Dumping a WordPress site
I had a WordPress blog set up at my last job, and it's definitely fun to run a dynamic website. But once I left I didn't feel like maintaining it (in particular, watching for crackers and comment spammers), so I decided to make it static. It's definitely doable with a little with a little MySQL- and unix-fu.
I found an excellent howto on the subject by Ammon. There were a few tweaks (which I left in the comments) but the major work is there.
One big annoyance was that I had moved out before archiving. That was particularly troublesome because the database server for this particular site was a FreeBSD box under my desk. That box isn't connected to the internet at the moment, and if it were, it wouldn't have the same IP address anymore.

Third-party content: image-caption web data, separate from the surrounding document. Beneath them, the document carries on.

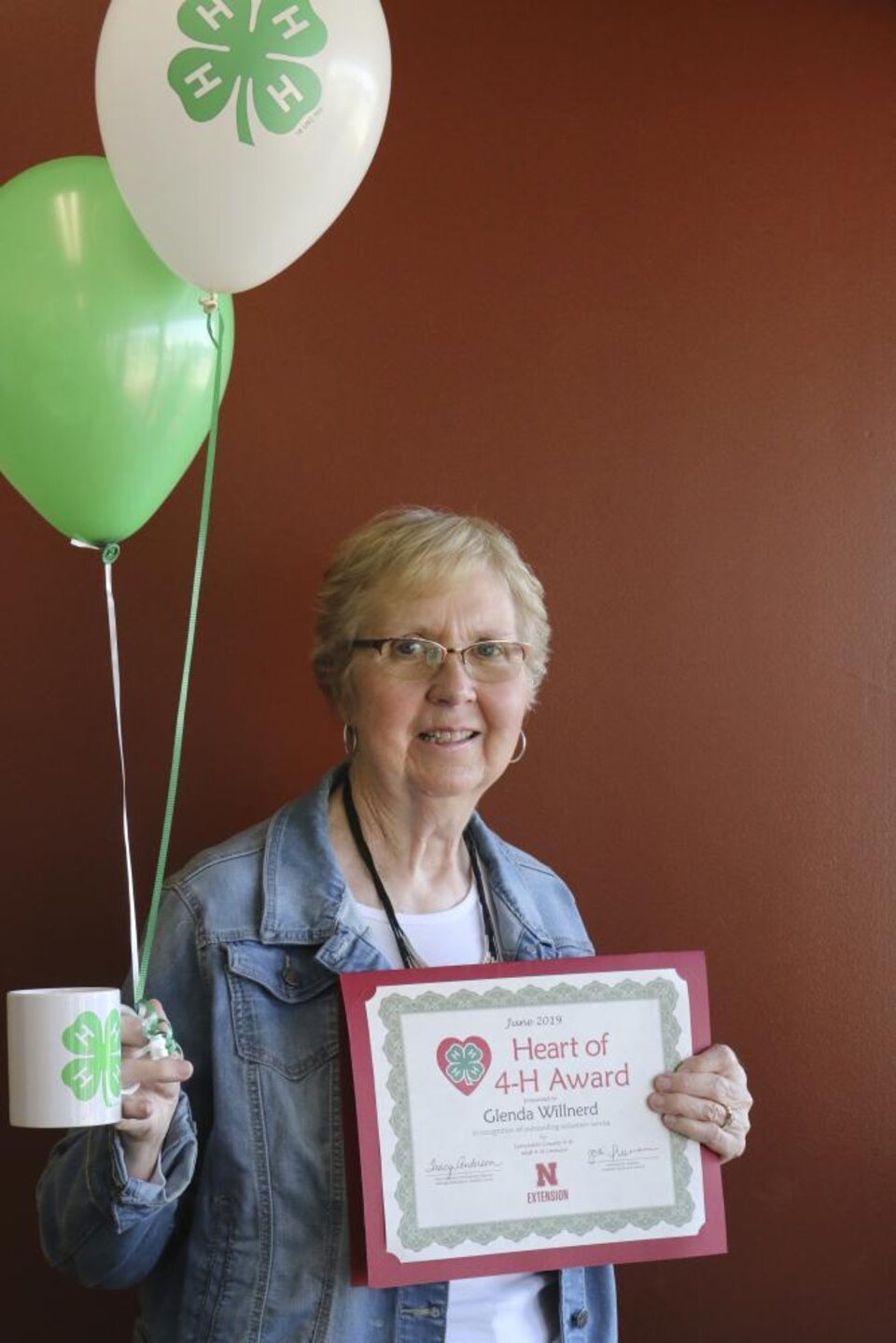 Glenda Willnerd holding 4-H balloons, a 4-H mug, and a certificate. 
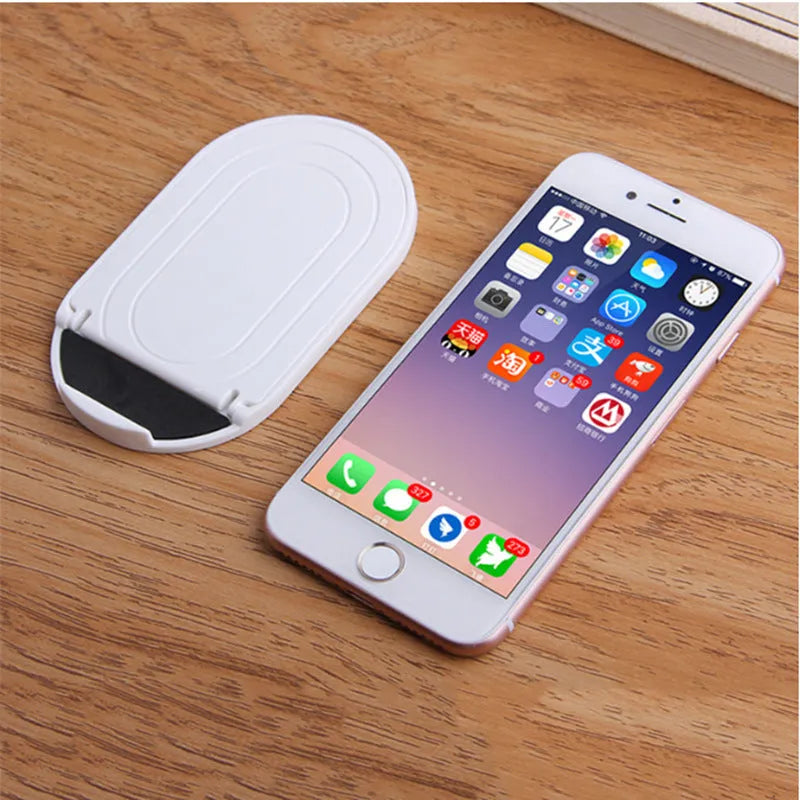 Plastic mobile phone stand with lazy bracket, holding a smartphone, shown in multiple colour options.
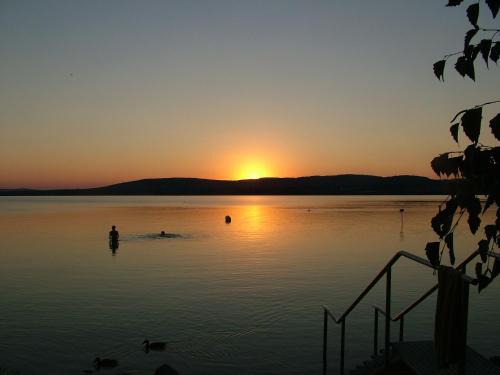 a person standing in the water at sunset at Peace & Beach House in Tihany, Sajkod in Tihany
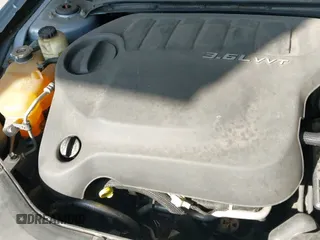 ✅ 2012 Chrysler 200 Touring • VIN: 1C3CCBBG5CN230462 • Лот: 43761639. Опубликован ранее на IAAI с пробегом 107 177 миль. Бесплатный доступ к архиву аукционных продаж из США и подробный отчёт об истории автомобиля на DreamBid. Изображение 13.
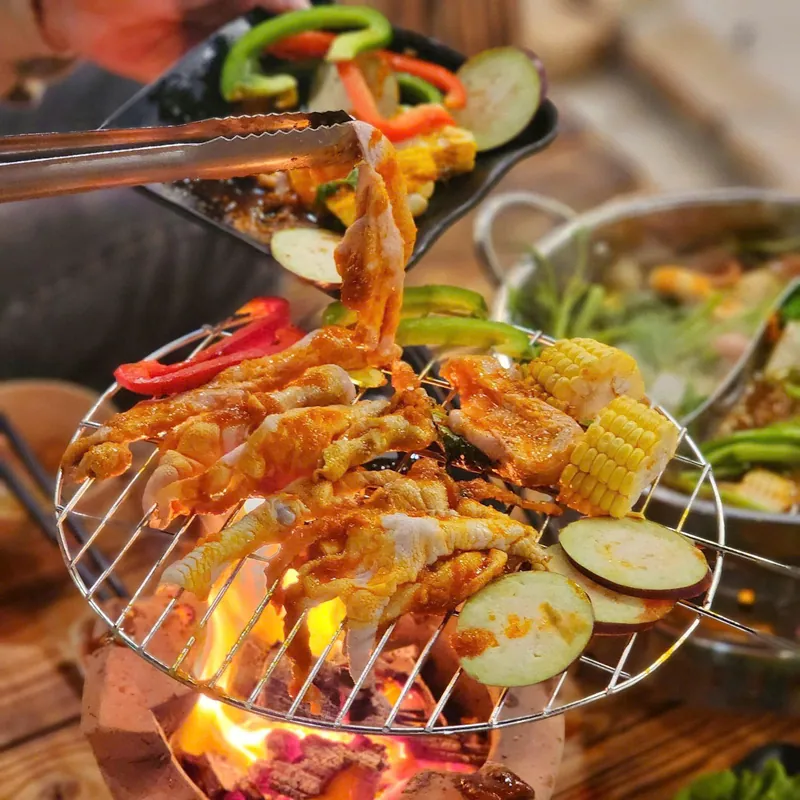 Thịt nướng vàng ruộm trên vỉ than đang cháy kèm bắp ngọt và rau củ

Luckily, I routinely backed up that database, and so I fired up a temporary MySQL server on my laptop and changed the wordpress configuration files (nice DRY--I only had to change three lines, and two of them were avoidable had I kept the same username and password).

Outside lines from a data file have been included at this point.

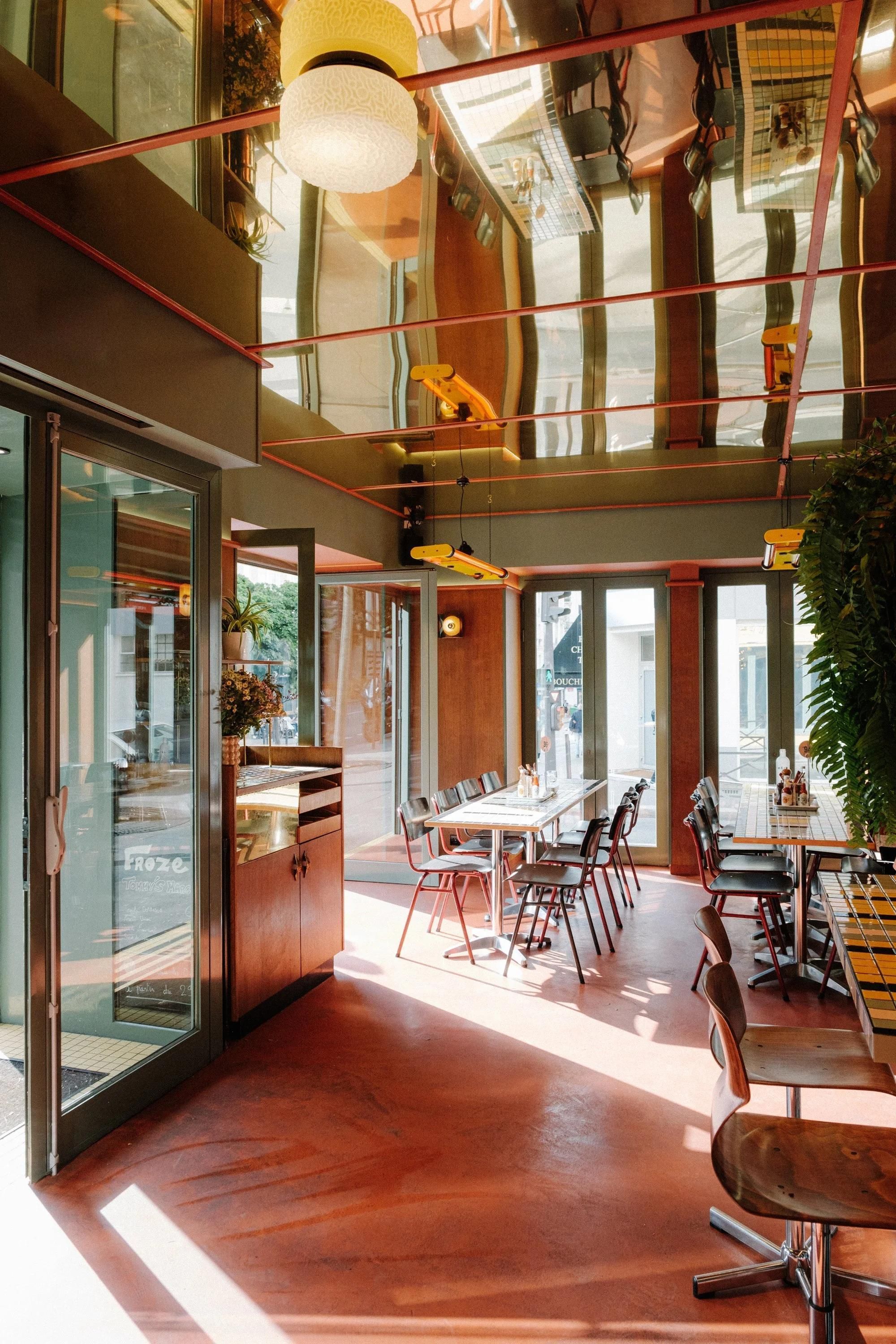 Salle intérieure lumineuse du restaurant MELT Cambronne avec tables, chaises et grande baie vitrée.
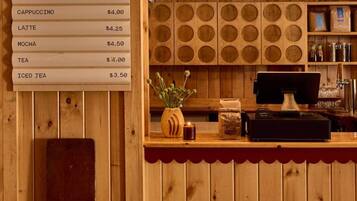 Una barra de madera con un menú que muestra los precios del café y del té.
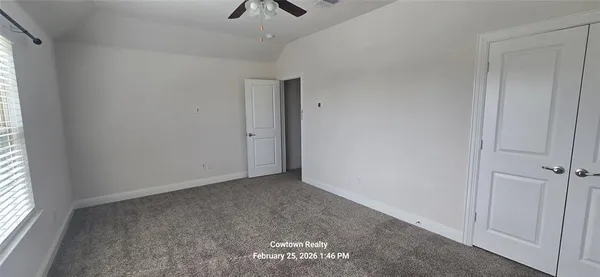 an empty room with windows and fan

The part I couldn't figure out next was how to change the site to insert boilerplate text in every page explaining it was an archive and they should go to my new site. I think it's a testimony to the flexibility of drupal, my new content management system, that I already know how to do such a thing in that framework. Just make a block and make sure it goes in the content region. But WordPress keeps its custom widgets and gewgaws on the sidebar, which wasn't prominent enough for me. I ended up having to hack the theme file to hard-code the message in the page header. I still believe there's a "right" way to do this, but all I was going for was a dump of the site so I'm not going to apologize for forking. :-)
(A solution outside of WordPress would be to parse every HTML page after dumping [with XSLT or even a regular expression-enabled scripting language like perl] and insert the boilerplate on every page. I've done that with dynamic sites that have already been archived. But that seems unfair to ask since I had an active, dynamic CMS working for me already.)

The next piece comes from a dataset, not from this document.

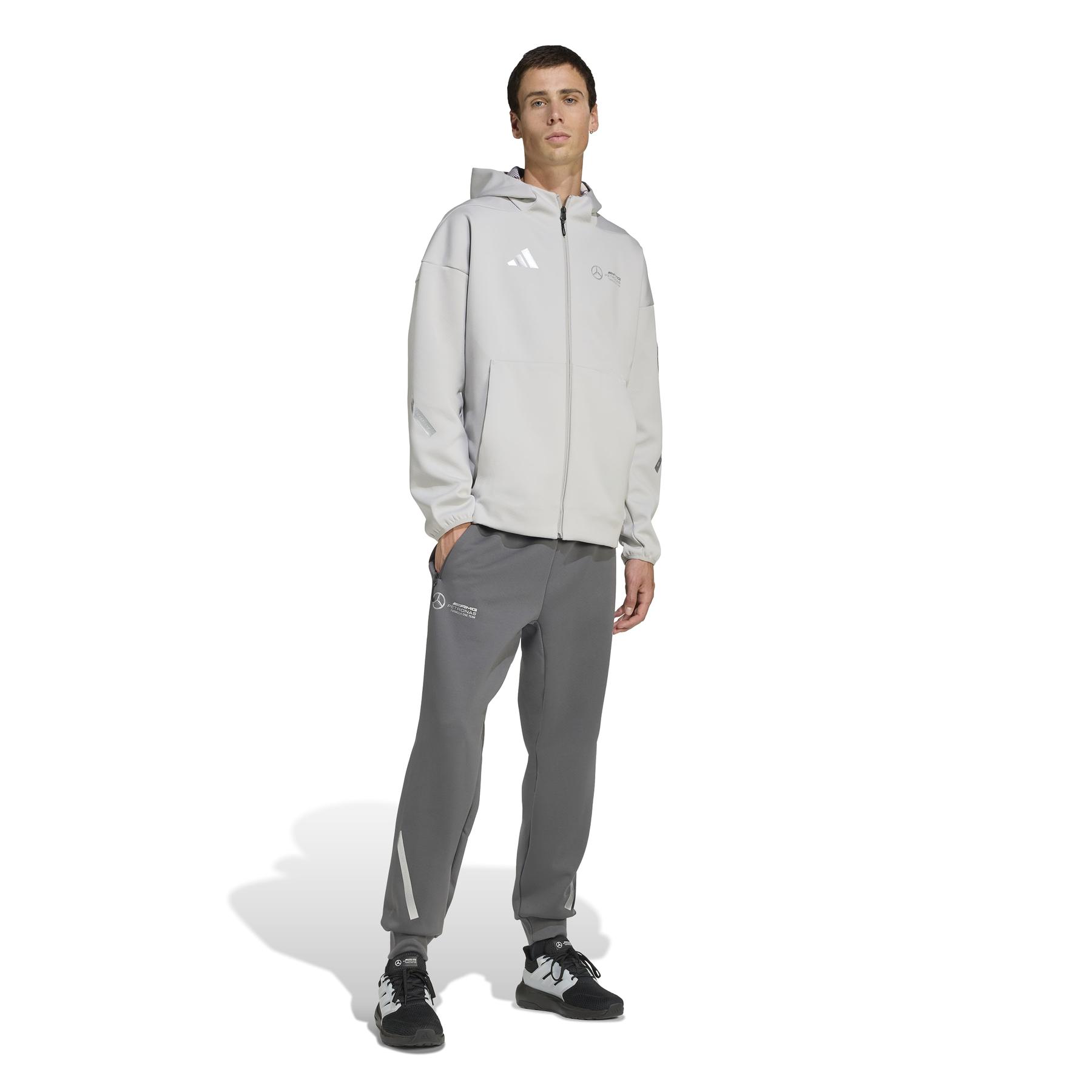 2/0/2025_adidas_jw3478_4_apparel_on_model_walking_view_white.jpg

After that, wget is your friend. This little command line tool has dozens of options to fetch web pages and even whole websites. Luckily Ammon had a sample usage that I could copy. Although adding the "-k" flag to correct links was needed for me.
Then you get rid (after backing up) of the dynamic scripts and moved the archived material into their place. And that's it!
This is the kind of task that you almost feel justified spending five hours on if you can spend another 30 minutes writing a blog post about it. But I'm glad it's done.